Patented design of top faceting of the trillion cut diamond (Patent No. D-250,100)

A trilliant cut, sometimes called a trillion, trillian, or Trielle is a triangular type of gemstone cut. The cut has many variations. It may have curved or uncurved sides. The shape of the top surface, or table, also varies. Stones typically have 31-50 facets.

==Creation==
The trilliant cut was introduced by the Asscher brothers in Amsterdam. In the early 1960s Leon Finker created his version on the "triangular brilliant cut diamond", which he called the trillion cut. Finker had a large diamond cutting factory in New York, and Henry Meyer Diamond Company, who was also cutting triangular brilliant diamonds, used the same diamond cutters, though their stones were cut slightly differently.

Henry Meyer referred to his diamond cut as "trilliant", while Finker called his cut trillion.

When Finker's son, Marvin Finker, entered the business in the early 1970s, he decided to patent the cut that his father was cutting and he trademarked the term "Trillion" for their now patented triangular brilliant cut diamond.

They used the term "Trillion" and "Trilliant" in a stylized design until they lost the trademark in 1986 when a federal court judge decided that the words "Trillion" and "Trilliant" were phonetically equivalent. Since trilliant was a concatenation of the generic term "triangular brilliant", it could no longer be a registered trademark.

Finker gave the term "trillion" to the trade in a half-page advertisement in the New York Times and announced that their patented cut would be known as Trielle and TRIELLE in a stylized design.

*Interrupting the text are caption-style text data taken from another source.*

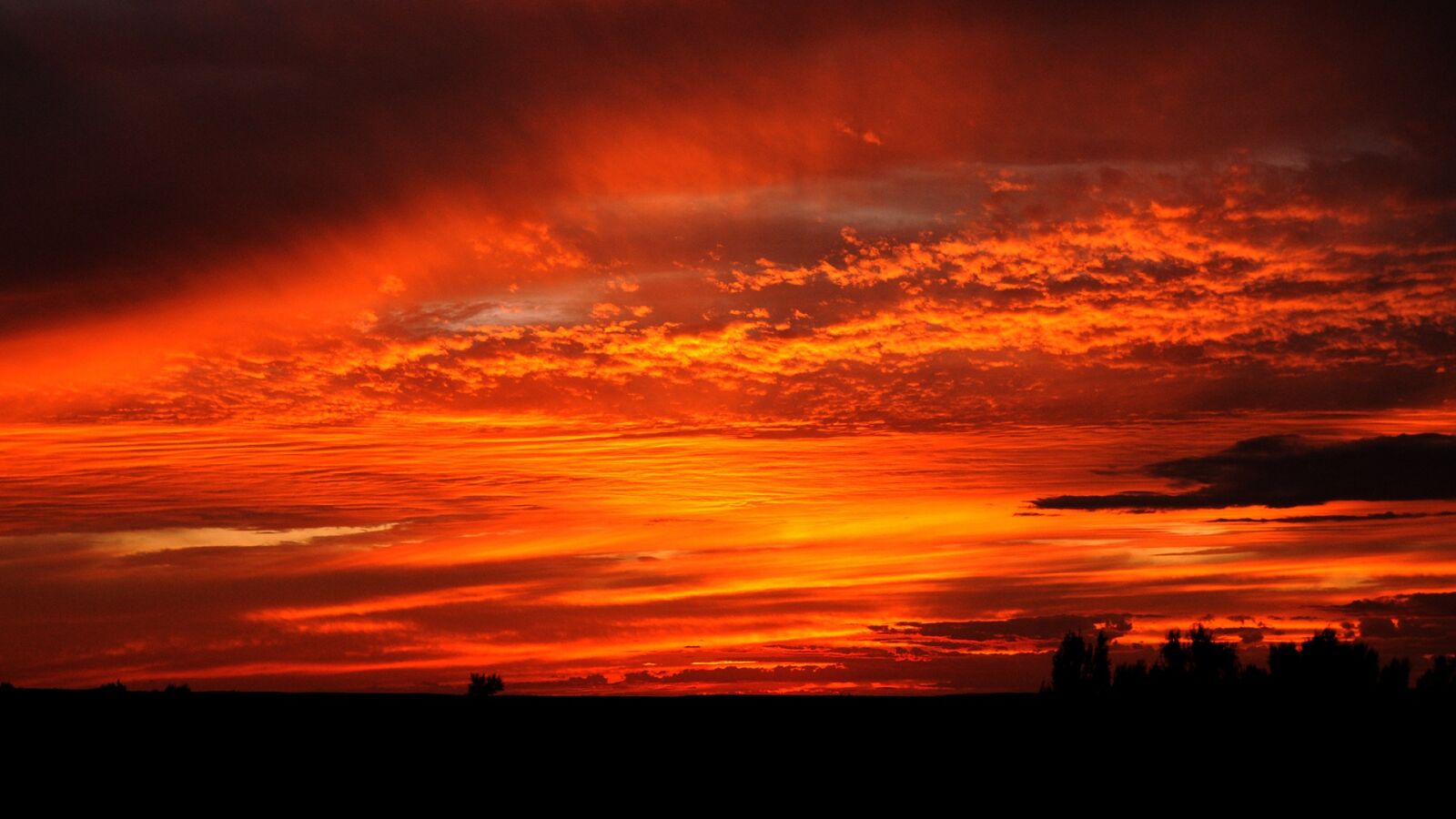 Nikon D300 sample photo. Mongolia, sunset, lighting photography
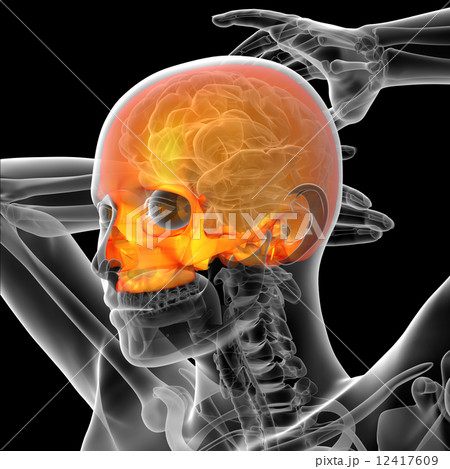 3d render medical illustration of the human skull 12417609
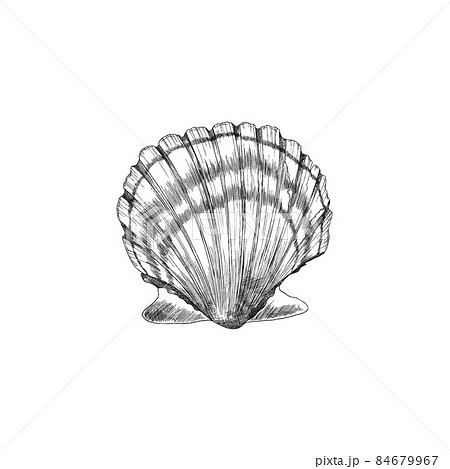 Scallop or shell in sketch style with engraving, vector illustration isolated on white background. Scallop or shell in sketch style with engraving, vector illustration isolated on white background. 84679967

Now that the trademark had been canceled, the term "trillion cut" is used to refer to all triangular-shaped gems, even step cut and cabochon stones. Triangular brilliant and triangular modified brilliant are the generic terms used by GIA when referring to non-branded diamonds.

== Straight ==
The cut displays a very sharp brilliance or fire if the diamond is cut to the correct depth allowing good scintillation. It is generally cut with a 1:14 length to width ratio with straight edges. This straight edged trillion cut is usually used for accent gemstones, on either side of a main, larger stone of a ring.

== Curved ==
This is a softer version of the uncurved version, with three soft points and curved sides. The length to width ratio should still be 1:1, keeping the gemstone proportioned. This cut is unusual, but can be found in pieces as a solitary gem or as an accent gem. The curved triangular brilliant is commonly known as trilliant. A reuleaux triangle has the same ratio.